Nearly all of the Caribbean waters exit through the deep (2,000 m) Yucatan Channel that connects to the Gulf of Mexico. The usual path is northward to form the Loop Current (LC), a semipermanent, anticyclonic flow that can penetrate several hundred kilometers into the east-central Gulf. The LC then exits the Gulf, enters the Straits of Florida as the Florida Current between the Florida Keys and Cuba, and eventually evolves into the Gulf Stream to the north. With the Straits of Florida sill at about 800 m, much of the Gulf of Mexico water between this depth and its 4,000-m bottom depths remains trapped in the Gulf. In the northern Gulf, freshwater sources, including the Mobile River and especially the Mississippi and Atchafalaya Rivers, create a semipermanent salinity front evident 70 to 150 km offshore (
Morey et al., 2003). These rivers provide nutrients from the continent that result in the large annual hypoxic or dead zone in shelf waters off Texas and Louisiana (
Rabalais et al., 2001), as well as sporadic hypoxic events in the Mississippi Bight (
Brunner et al., 2006).
Gulf dynamics
The LC, its meanders, the large anticyclones it sheds, plus the smaller frontal cyclones constitute the major dynamical features of the Gulf (
Vukovich, 2005). Though the northern Gulf freshwater inflow has profound influence on the circulation of the shelf waters, it is of secondary importance in the overall Gulf circulation. In contrast, the LC, when extended to its northernmost state, can play a critical role in entraining freshwater plumes into the central Gulf. The LC circulation and thermo-haline structure responds to the large-scale, seasonal atmospheric circulation and synoptic-scale weather systems, especially summertime easterly waves and tropical cyclones and wintertime cold fronts and extratropical cyclones. These events have much greater impact on the circulation and mixing of the shelf waters of the northern Gulf than elsewhere.

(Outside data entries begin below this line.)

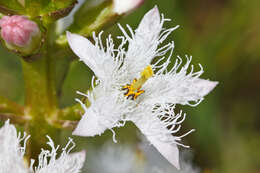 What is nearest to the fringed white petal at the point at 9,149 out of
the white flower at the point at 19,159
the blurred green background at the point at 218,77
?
the white flower at the point at 19,159

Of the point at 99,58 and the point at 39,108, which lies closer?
the point at 99,58

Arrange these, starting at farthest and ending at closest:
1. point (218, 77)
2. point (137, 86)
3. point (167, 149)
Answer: point (218, 77) < point (137, 86) < point (167, 149)

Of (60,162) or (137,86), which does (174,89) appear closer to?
(137,86)

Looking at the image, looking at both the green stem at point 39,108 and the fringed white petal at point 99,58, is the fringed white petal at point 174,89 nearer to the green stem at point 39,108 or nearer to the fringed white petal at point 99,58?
the fringed white petal at point 99,58

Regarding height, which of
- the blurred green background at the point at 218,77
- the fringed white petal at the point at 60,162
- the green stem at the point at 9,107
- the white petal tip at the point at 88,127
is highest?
the green stem at the point at 9,107

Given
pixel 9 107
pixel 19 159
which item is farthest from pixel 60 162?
pixel 9 107

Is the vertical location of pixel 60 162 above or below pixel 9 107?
below

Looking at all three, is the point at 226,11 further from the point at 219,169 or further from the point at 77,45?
the point at 77,45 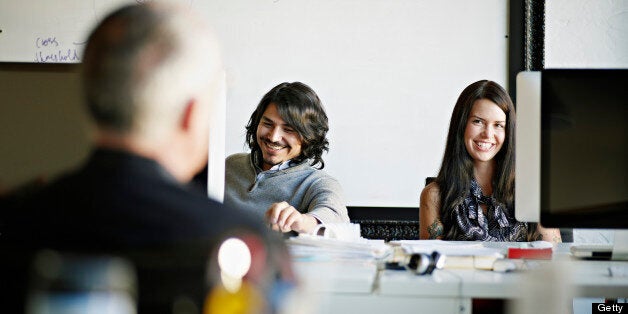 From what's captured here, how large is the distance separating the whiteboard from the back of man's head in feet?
7.65

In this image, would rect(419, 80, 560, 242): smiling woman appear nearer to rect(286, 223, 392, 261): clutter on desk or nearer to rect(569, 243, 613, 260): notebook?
rect(569, 243, 613, 260): notebook

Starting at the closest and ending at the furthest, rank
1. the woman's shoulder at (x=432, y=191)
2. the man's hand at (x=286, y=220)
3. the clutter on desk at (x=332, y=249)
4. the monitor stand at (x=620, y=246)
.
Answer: the clutter on desk at (x=332, y=249) < the monitor stand at (x=620, y=246) < the man's hand at (x=286, y=220) < the woman's shoulder at (x=432, y=191)

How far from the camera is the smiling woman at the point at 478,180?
223 cm

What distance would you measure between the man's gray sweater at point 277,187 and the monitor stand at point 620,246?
2.42 ft

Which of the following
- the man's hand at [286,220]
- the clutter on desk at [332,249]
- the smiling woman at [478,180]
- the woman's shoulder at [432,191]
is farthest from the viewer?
the woman's shoulder at [432,191]

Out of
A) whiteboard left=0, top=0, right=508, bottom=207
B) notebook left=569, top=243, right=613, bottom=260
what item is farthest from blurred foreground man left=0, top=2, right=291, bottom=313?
whiteboard left=0, top=0, right=508, bottom=207

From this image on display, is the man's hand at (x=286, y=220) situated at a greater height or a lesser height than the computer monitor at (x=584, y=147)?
lesser

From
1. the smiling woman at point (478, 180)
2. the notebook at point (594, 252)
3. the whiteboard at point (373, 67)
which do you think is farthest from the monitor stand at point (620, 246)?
the whiteboard at point (373, 67)

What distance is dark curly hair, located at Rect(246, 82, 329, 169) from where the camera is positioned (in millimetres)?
2320

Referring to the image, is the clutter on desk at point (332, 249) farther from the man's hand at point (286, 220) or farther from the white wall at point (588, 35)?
the white wall at point (588, 35)

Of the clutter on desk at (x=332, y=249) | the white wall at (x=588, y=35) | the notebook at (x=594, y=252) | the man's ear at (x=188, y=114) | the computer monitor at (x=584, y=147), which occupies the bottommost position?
the notebook at (x=594, y=252)

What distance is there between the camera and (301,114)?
7.65ft

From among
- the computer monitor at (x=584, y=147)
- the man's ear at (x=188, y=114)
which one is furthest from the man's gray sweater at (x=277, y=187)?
the man's ear at (x=188, y=114)

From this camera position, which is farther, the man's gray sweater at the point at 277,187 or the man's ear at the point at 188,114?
the man's gray sweater at the point at 277,187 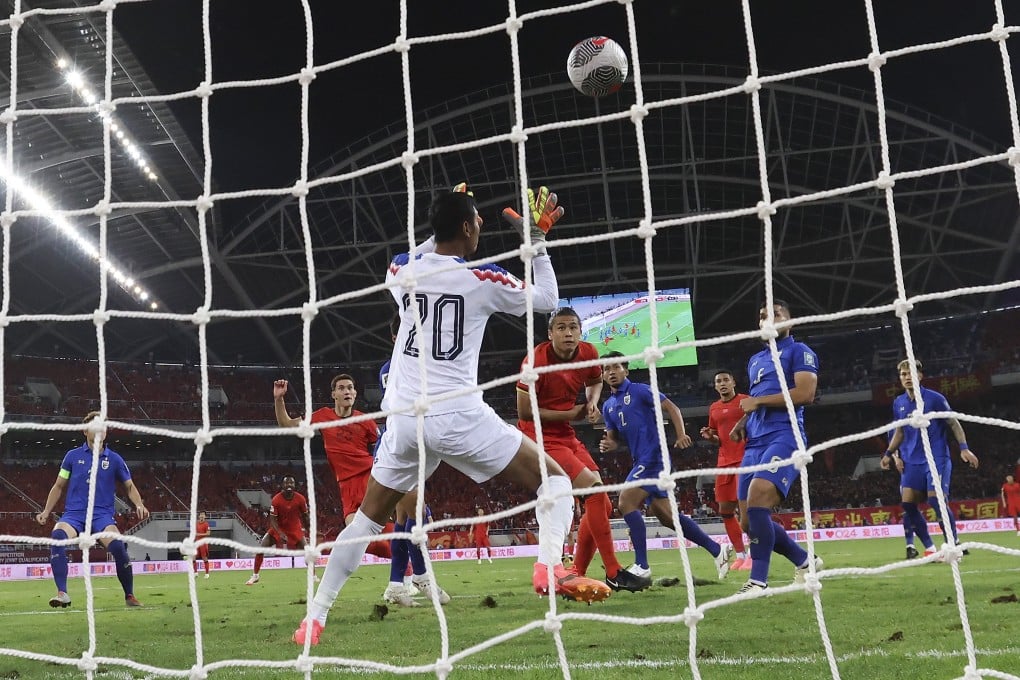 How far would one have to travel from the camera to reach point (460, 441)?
4195 millimetres

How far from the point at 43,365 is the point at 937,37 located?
33502 millimetres

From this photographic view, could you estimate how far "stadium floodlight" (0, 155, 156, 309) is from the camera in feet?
79.2

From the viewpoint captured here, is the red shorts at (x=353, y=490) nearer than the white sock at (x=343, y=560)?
No

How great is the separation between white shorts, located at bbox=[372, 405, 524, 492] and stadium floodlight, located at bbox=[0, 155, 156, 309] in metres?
20.2

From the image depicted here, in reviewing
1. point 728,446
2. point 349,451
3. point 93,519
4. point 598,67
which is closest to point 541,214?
point 598,67

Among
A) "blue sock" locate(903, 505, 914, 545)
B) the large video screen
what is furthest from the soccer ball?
the large video screen

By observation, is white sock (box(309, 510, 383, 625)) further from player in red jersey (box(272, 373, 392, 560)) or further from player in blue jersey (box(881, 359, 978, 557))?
player in blue jersey (box(881, 359, 978, 557))

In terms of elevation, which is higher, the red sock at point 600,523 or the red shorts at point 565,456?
the red shorts at point 565,456

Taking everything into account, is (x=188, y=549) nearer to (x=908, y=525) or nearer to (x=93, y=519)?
(x=93, y=519)

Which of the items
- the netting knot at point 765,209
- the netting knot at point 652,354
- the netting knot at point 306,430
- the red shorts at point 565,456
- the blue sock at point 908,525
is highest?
the netting knot at point 765,209

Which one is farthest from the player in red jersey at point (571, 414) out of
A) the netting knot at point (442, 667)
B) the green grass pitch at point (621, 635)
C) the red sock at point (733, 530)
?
the red sock at point (733, 530)

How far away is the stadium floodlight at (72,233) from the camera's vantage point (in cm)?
2414

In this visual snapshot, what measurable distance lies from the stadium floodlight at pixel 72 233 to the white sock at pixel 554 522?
20.4m

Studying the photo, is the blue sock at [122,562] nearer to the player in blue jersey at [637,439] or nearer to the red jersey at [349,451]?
the red jersey at [349,451] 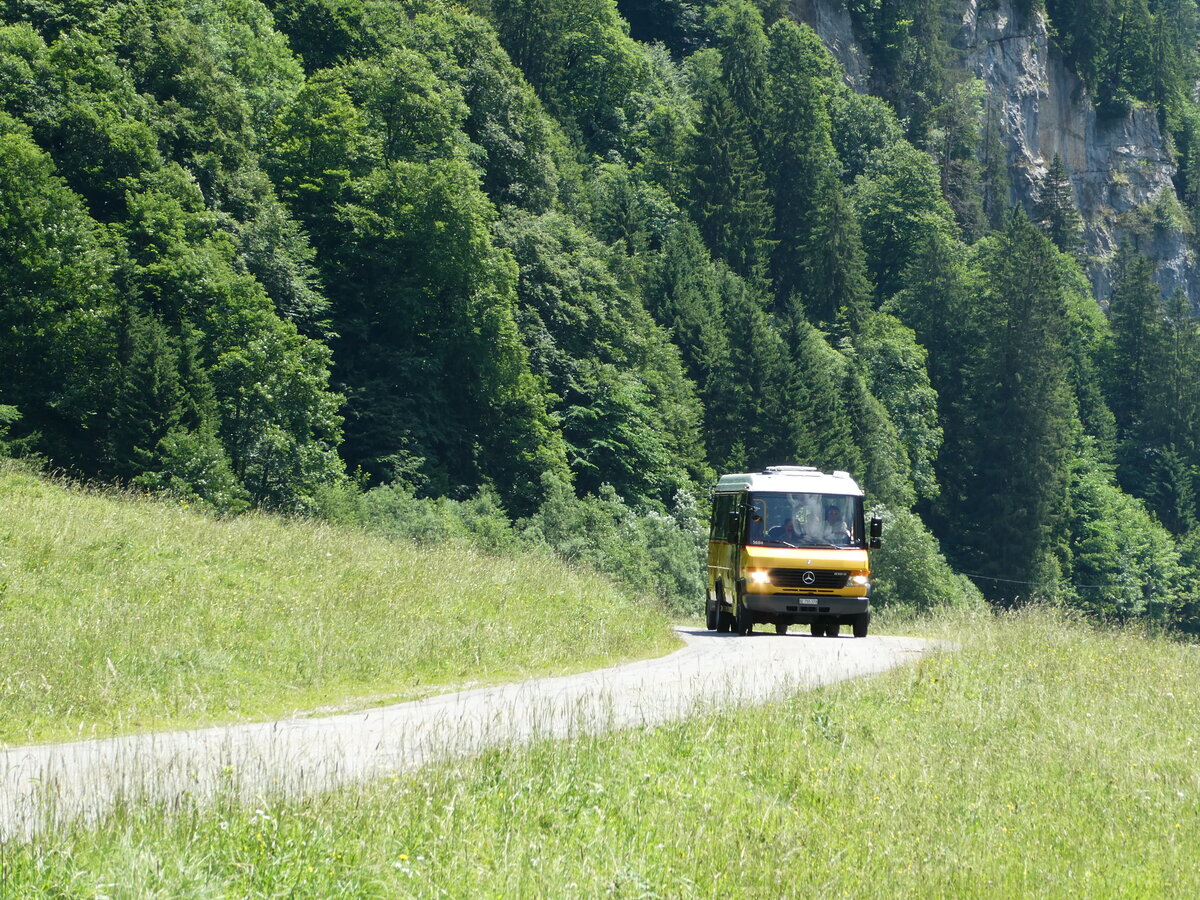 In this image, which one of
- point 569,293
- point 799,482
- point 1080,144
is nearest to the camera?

The warm-core LC can reach surface speeds in excess of 2 m·s−1 and extend to depths greater than 500 m. The LC structure varies as it extends into the Gulf with small cyclonic eddies developing several times per year along the cyclonic side of the inflow where the LC impinges the western continental slope of the Yucatan Channel.
These cyclonic eddies translate around the cyclonic edge of the LC and may play a role in cutting it off, diverting the Yucatan inflow directly eastward into the Straits of Florida and releasing a large anticyclonic eddy into the Gulf (Schmitz Jr. et al., 2005). The eddy separation process is sporadic and broadband (once per six months to two years) and may involve a number of reconnections before the fully separated anticyclonic eddy finally migrates westward at 10 km·d
−1. Several of these older eddies may co-exist in the Western Gulf where they eventually dissipate. During the 2010 DwH event in particular, the presence and evolution of “Eddy Franklin” played a major role in the transport (and trapping) of oil in the northeastern Gulf region (
Liu et al., 2011).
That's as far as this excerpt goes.